WORK ITEM. Exact reproduction required: the lines below from the line with "2 Adet Orkid" to the line with "map of restaurants, bars, coffee", both ends included, and no others.

EXCERPTED RECORDS.
┄┄┄┄┄┄┄┄┄┄
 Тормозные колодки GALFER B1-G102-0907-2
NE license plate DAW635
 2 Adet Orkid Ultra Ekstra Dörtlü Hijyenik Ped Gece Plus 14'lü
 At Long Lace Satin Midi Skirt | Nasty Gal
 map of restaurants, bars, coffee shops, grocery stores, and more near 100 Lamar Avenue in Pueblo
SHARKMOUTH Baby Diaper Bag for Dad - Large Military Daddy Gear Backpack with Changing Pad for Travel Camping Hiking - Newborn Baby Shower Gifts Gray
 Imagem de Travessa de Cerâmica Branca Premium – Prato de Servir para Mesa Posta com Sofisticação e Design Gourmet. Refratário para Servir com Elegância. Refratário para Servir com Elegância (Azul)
┄┄┄┄┄┄┄┄┄┄
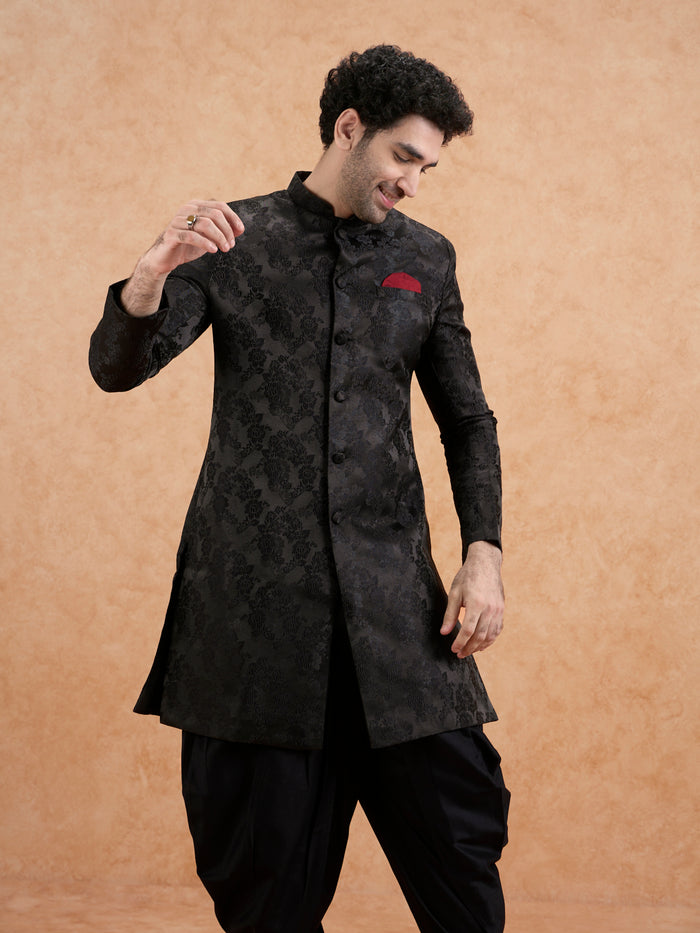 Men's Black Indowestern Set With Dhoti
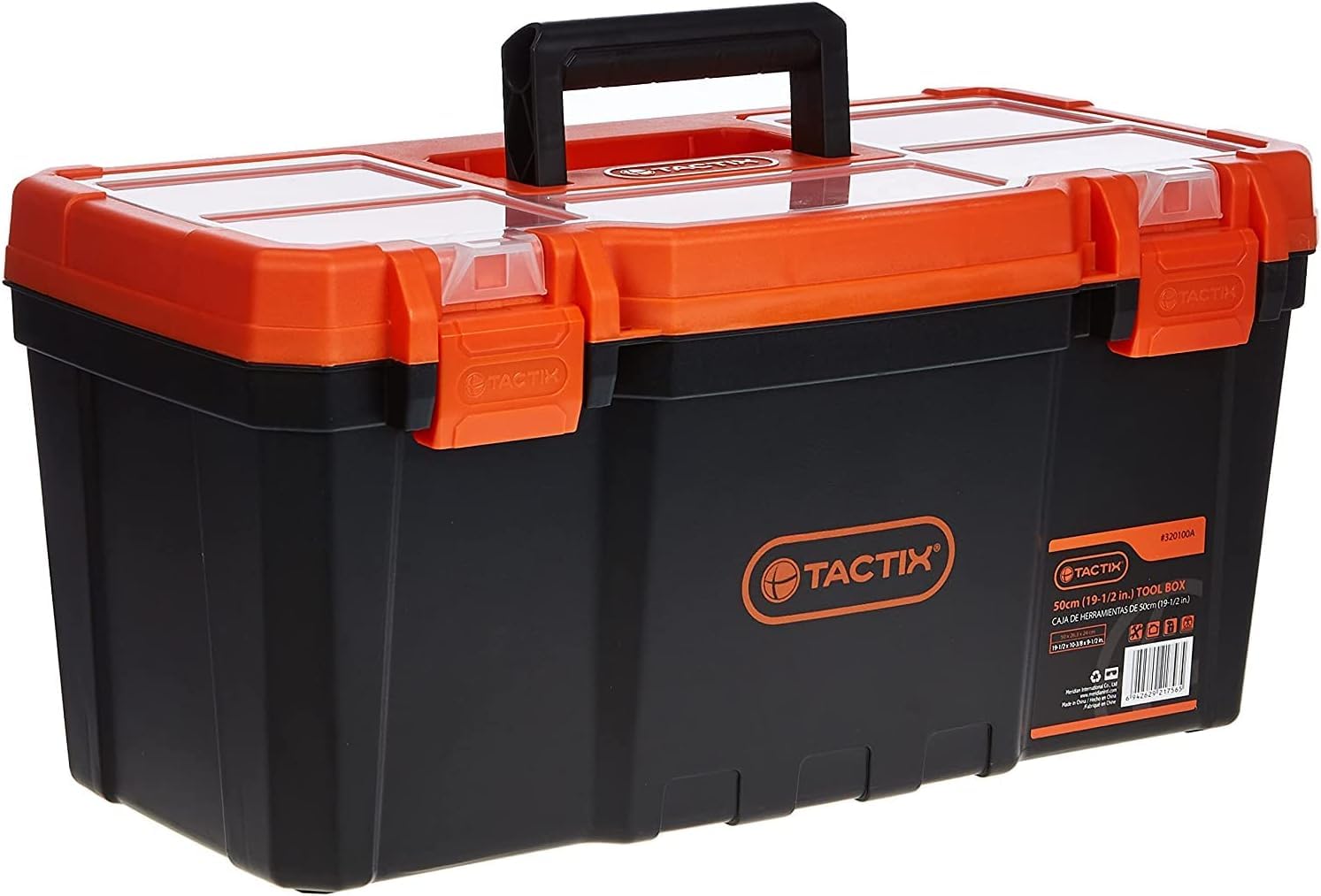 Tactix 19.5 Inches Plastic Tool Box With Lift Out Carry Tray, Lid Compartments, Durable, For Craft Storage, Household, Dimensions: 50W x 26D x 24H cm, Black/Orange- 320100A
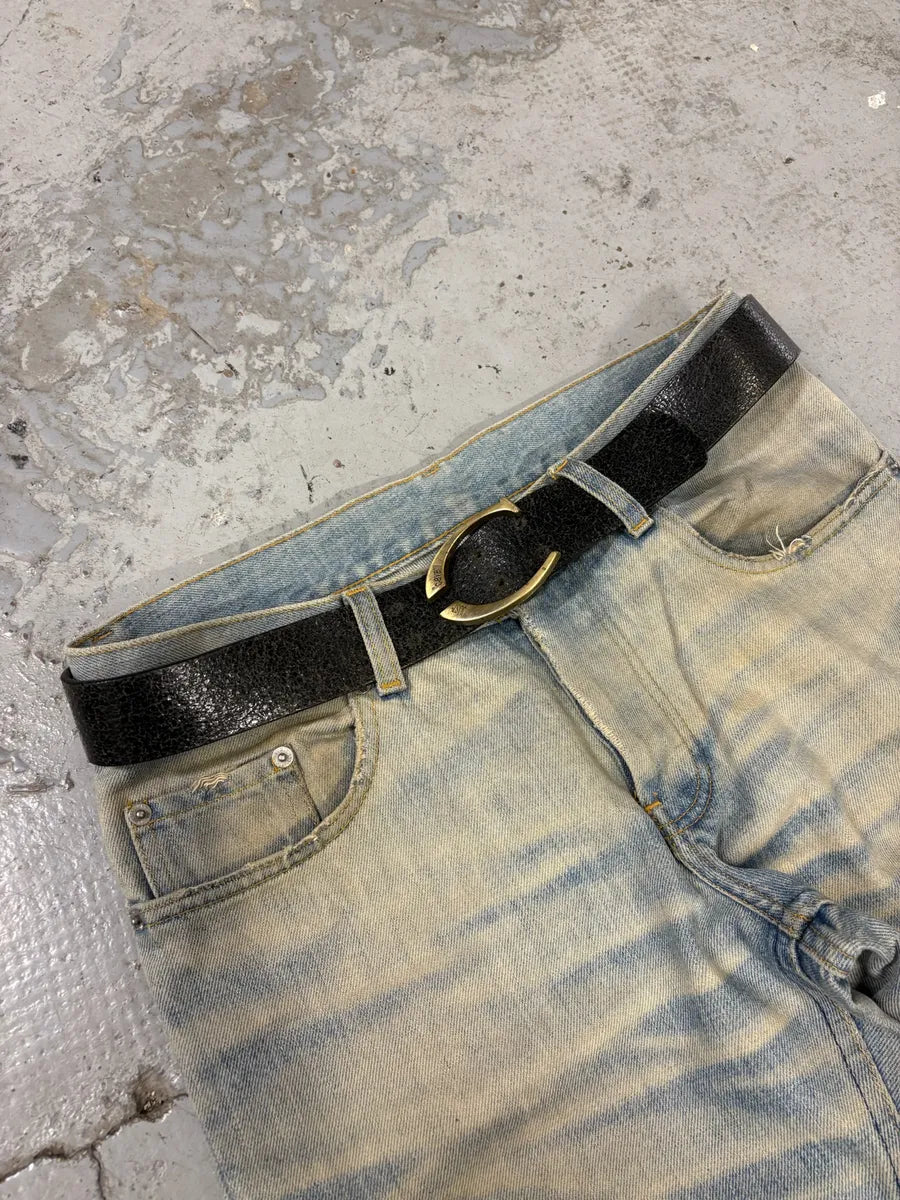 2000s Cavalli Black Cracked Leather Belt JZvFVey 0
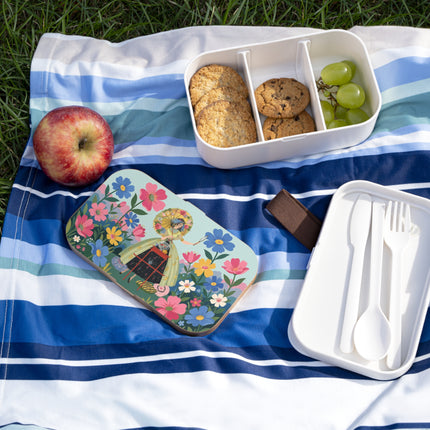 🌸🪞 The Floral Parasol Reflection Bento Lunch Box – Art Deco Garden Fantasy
┄┄┄┄┄┄┄┄┄┄
TASK RESPONSE.
 2 Adet Orkid Ultra Ekstra Dörtlü Hijyenik Ped Gece Plus 14'lü
 At Long Lace Satin Midi Skirt | Nasty Gal
 map of restaurants, bars, coffee shops, grocery stores, and more near 100 Lamar Avenue in Pueblo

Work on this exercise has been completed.